U.S. Real GDP Growth Turns Negative

While the headline volume number for real GDP in the U.S. stayed above zero in the fourth quarter of 2007, the more relevant terms of trade adjusted real GDP fell below zero. Nominal GDP rose 3.2% and the domestic purchases price index rose 3.8%, implying that real GDP fell with 0.6% instead of the 0.6% increase implied by the volume number. This means that properly measured, the recession began during the fourth quarter, just as I predicted back in early December.

It gets even worse if you only look at the private sector. Government demand rose from 19.4% to 19.7% of GDP, the highest since the fourth quarter of 1992. Excluding government demand, GDP fell 1.1%.

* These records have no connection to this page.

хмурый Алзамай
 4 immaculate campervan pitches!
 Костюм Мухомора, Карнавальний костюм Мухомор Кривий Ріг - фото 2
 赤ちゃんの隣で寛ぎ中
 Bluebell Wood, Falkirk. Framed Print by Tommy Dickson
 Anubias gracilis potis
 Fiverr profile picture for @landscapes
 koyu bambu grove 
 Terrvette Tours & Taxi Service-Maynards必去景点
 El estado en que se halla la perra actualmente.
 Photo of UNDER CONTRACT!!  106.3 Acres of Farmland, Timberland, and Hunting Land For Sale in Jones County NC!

The outlook for this year looks even worse, as the increase in consumer spending and business investments during the fourth quarter of 2007 were based on large reductions in financial savings and increases in debt. With corporate profits falling the increase in business investments is very much unsustainable, although yesterday's surprisingly strong durable goods orders report indicate that many business executives are still in denial about the state of the economy. Ultimately, the weakening corporate balance sheets and the weakening economic outlook will force them to cut back on investment spending, despite the Fed's agressive rate cuts.

A similar story is true for consumers, whose zero savings rate looks very unhealthy and unsustainable considering the decline in house prices and stock prices. It therefore seems safe to say that the economic contraction will continue during 2008, and probably at an ever faster pace.